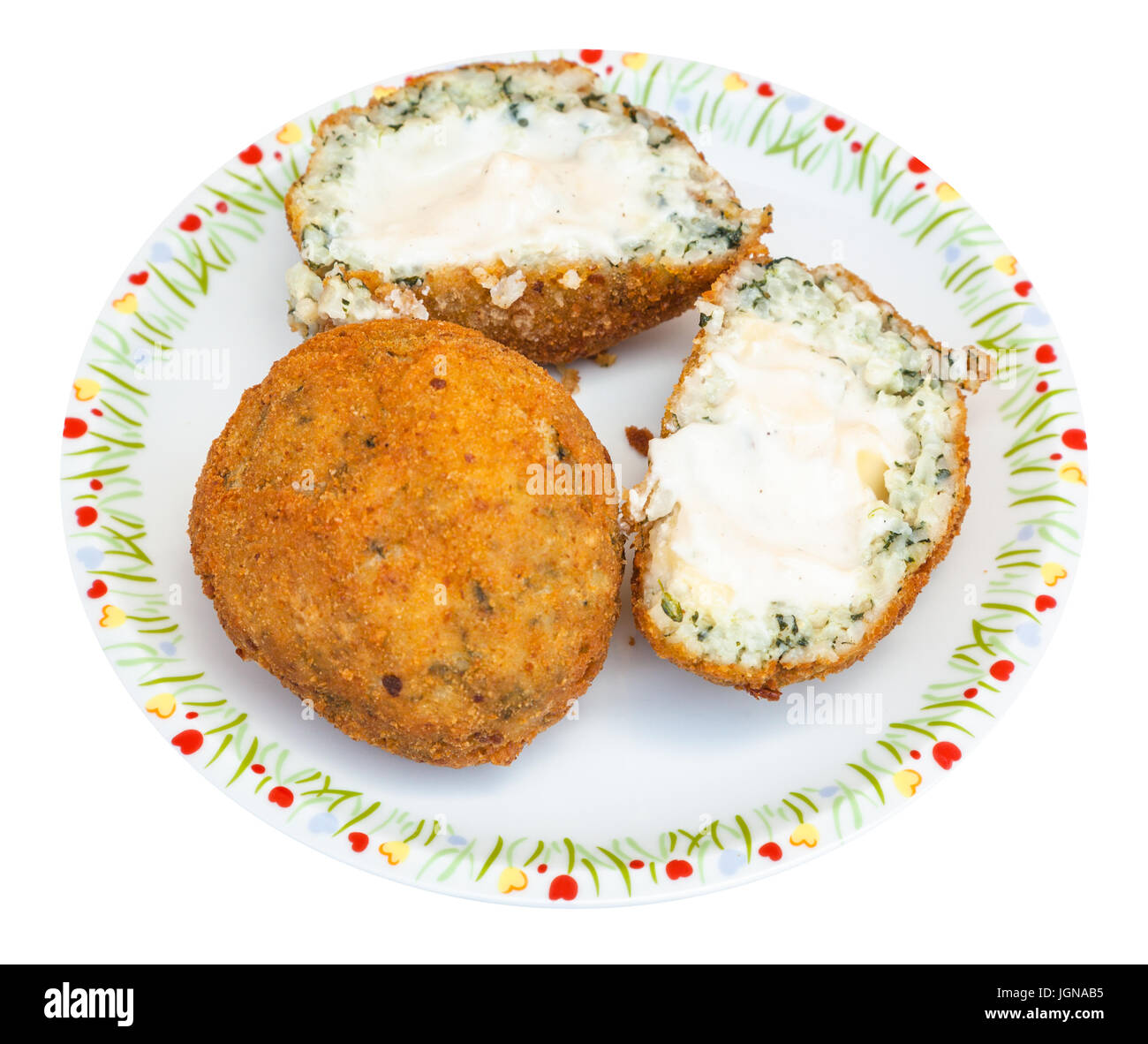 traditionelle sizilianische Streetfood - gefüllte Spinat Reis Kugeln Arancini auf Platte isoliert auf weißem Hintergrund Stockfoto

* * *

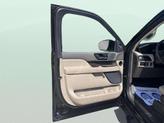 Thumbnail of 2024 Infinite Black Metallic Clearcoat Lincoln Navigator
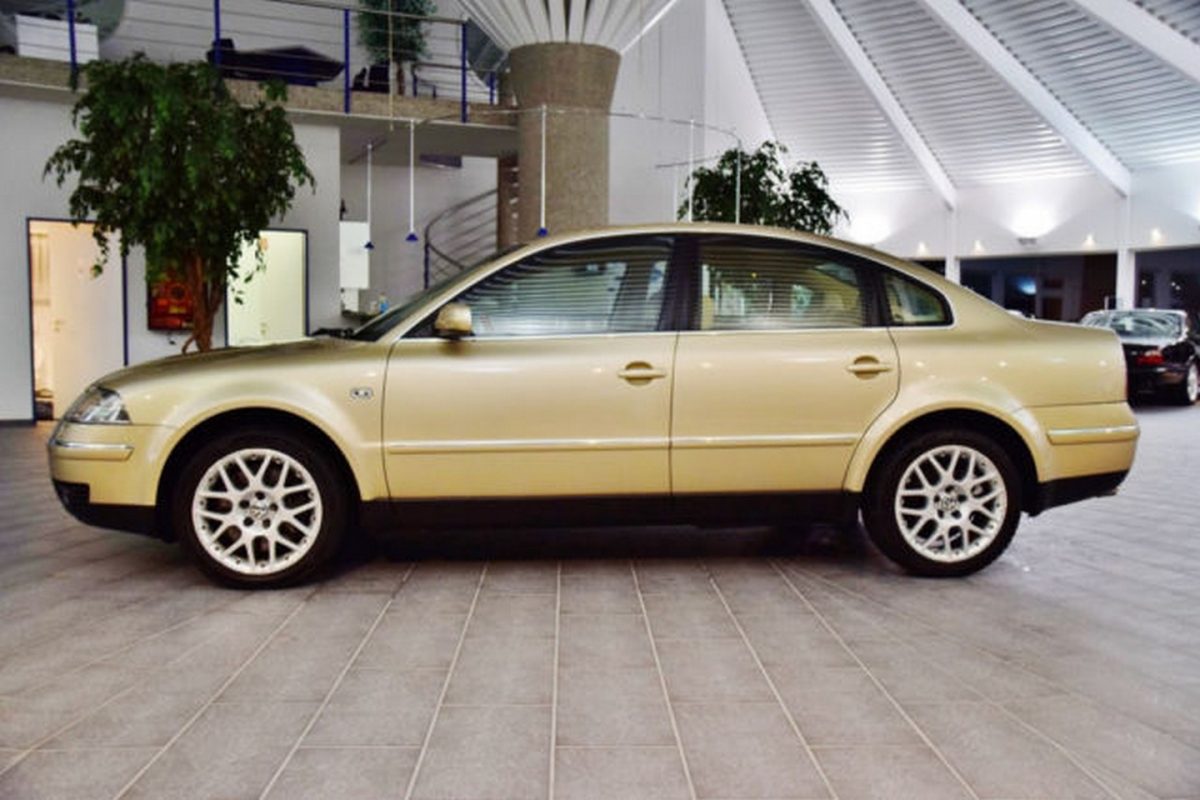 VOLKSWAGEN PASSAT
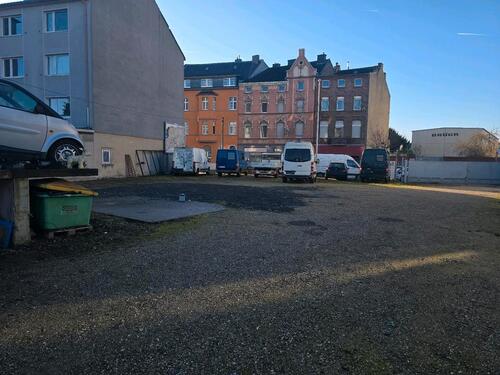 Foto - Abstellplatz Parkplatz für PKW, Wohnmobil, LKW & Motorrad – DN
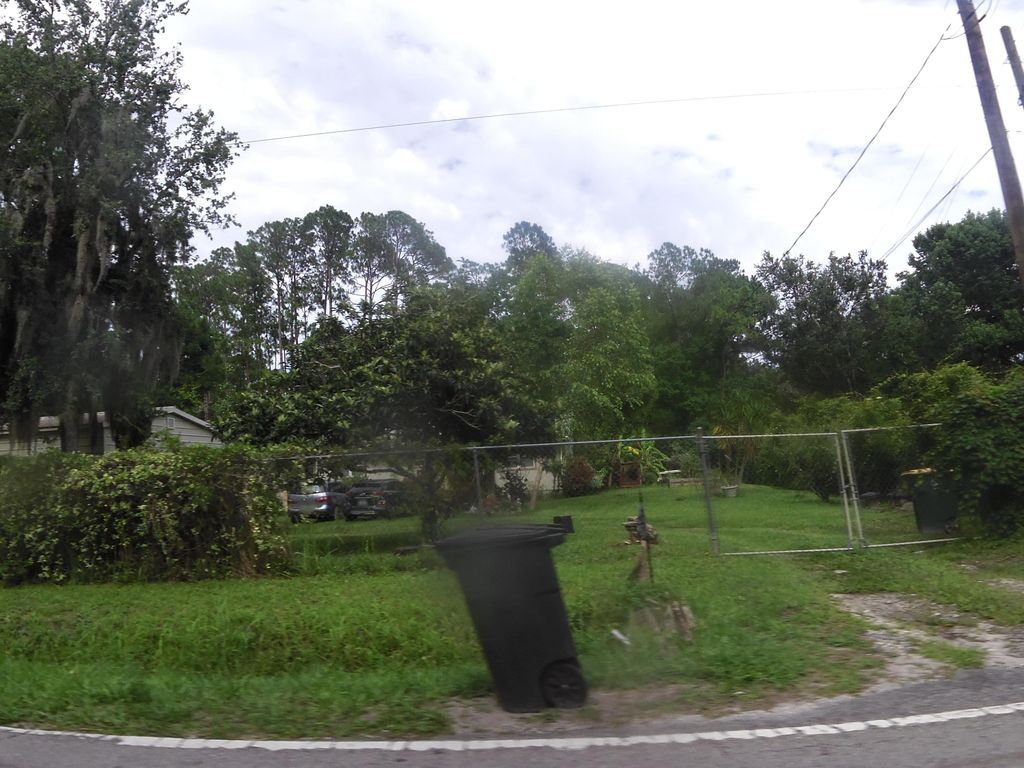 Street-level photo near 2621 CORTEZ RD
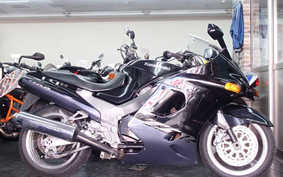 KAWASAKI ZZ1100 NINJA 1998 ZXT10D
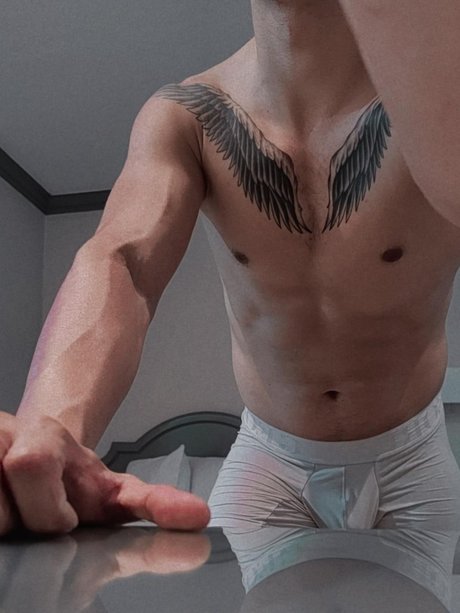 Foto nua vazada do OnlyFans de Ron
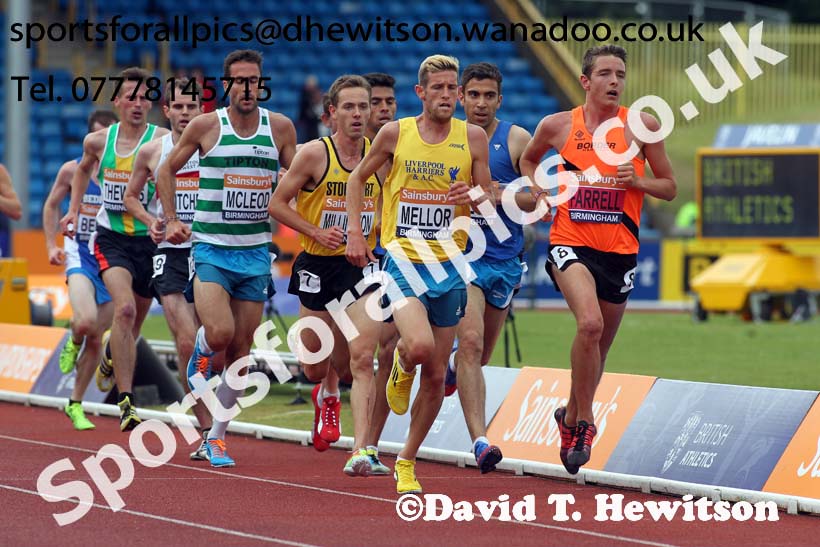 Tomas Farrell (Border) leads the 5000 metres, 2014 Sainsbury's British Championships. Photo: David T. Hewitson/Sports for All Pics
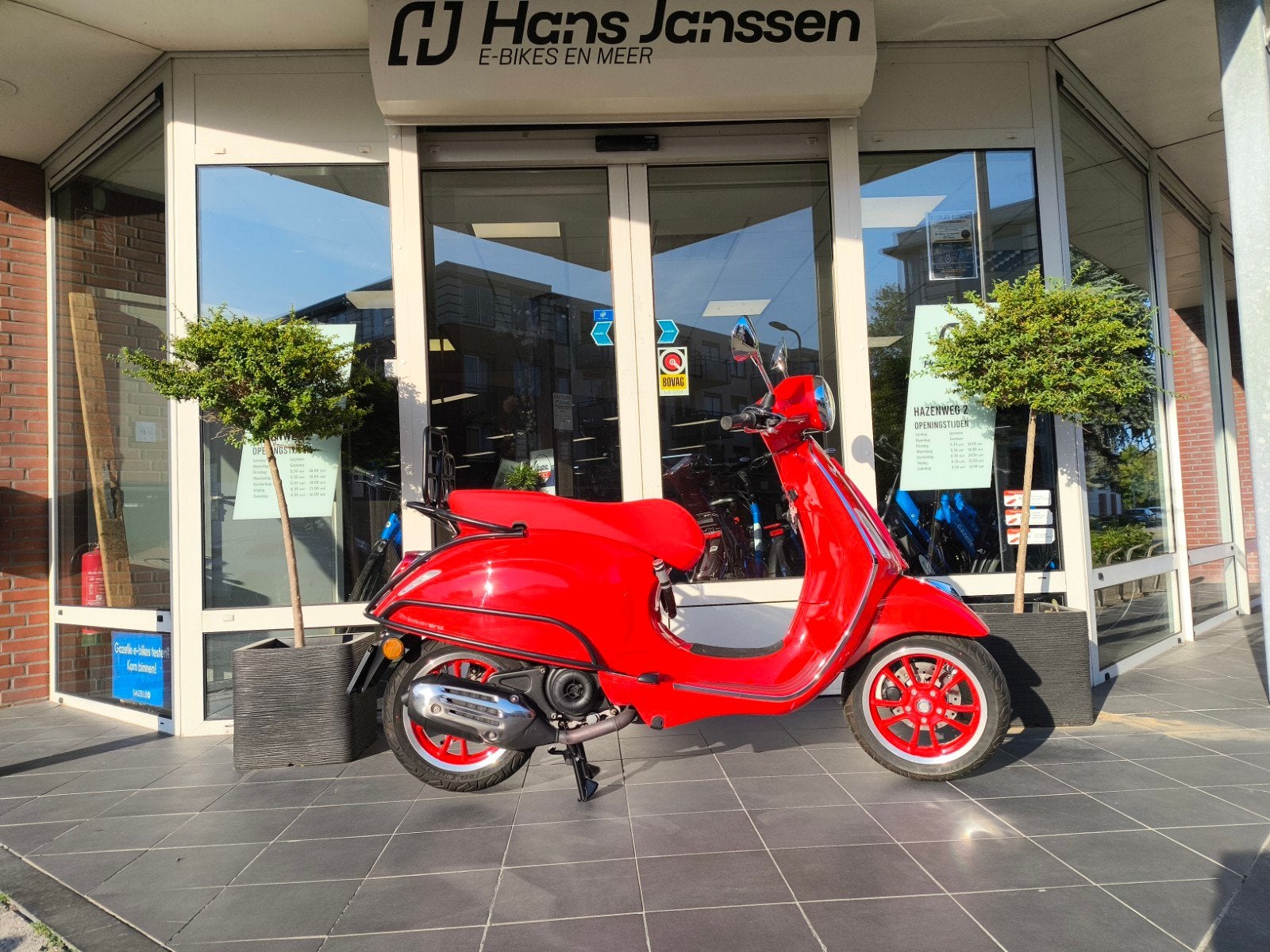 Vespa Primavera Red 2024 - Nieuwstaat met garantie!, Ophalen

* * *

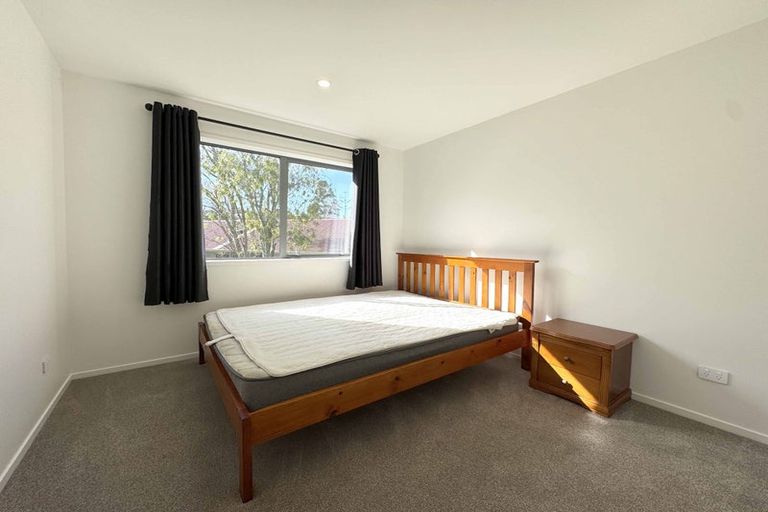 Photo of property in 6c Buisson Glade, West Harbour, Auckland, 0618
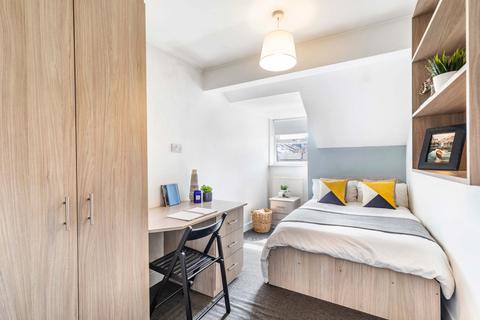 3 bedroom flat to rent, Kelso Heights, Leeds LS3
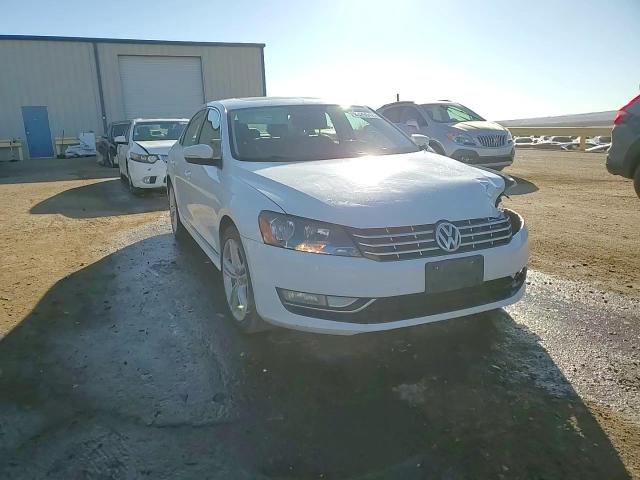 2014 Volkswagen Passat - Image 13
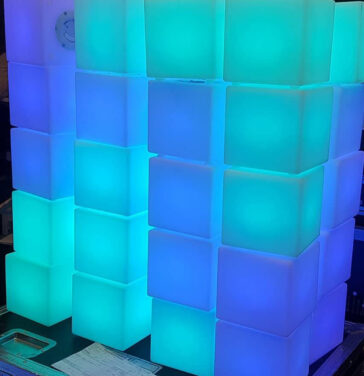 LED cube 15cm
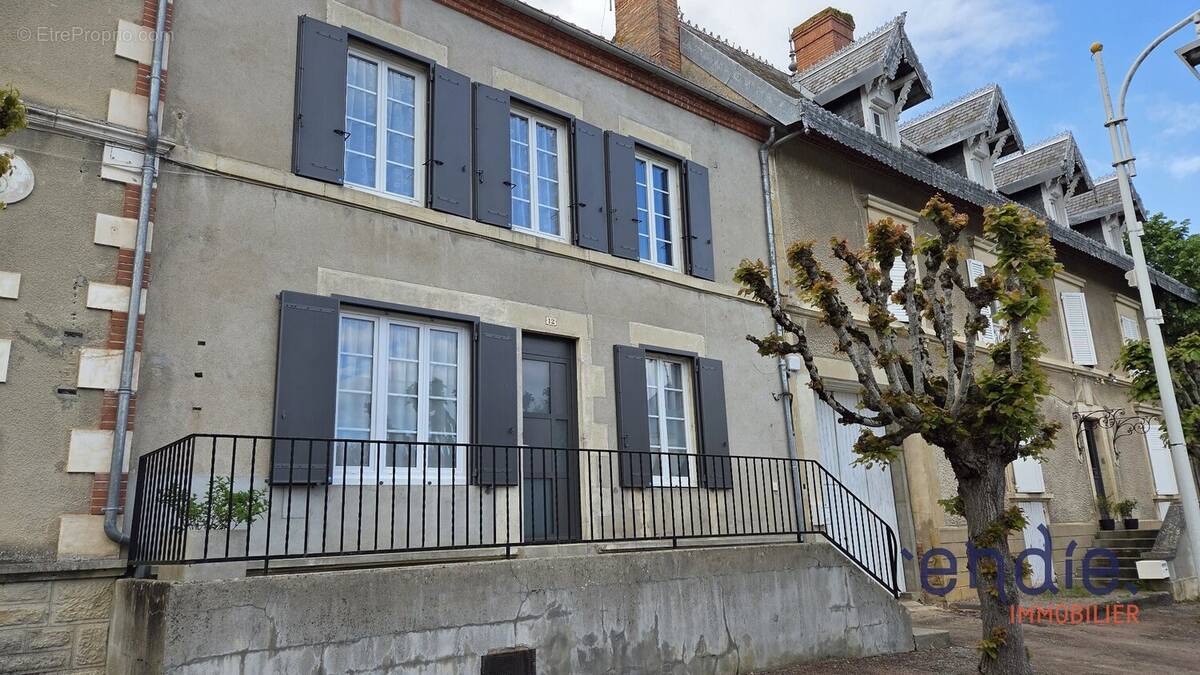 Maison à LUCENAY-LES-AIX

EXERCISE PROMPT – Look above for the line with "Foto - Abstellplatz" and copy exactly from it through the line with "Vespa Primavera Red", both included. Omit the pictures.

YOUR RESPONSE –
 Foto - Abstellplatz Parkplatz für PKW, Wohnmobil, LKW & Motorrad – DN
 Street-level photo near 2621 CORTEZ RD
 KAWASAKI ZZ1100 NINJA 1998 ZXT10D
 Foto nua vazada do OnlyFans de Ron
 Tomas Farrell (Border) leads the 5000 metres, 2014 Sainsbury's British Championships. Photo: David T. Hewitson/Sports for All Pics
 Vespa Primavera Red 2024 - Nieuwstaat met garantie!, Ophalen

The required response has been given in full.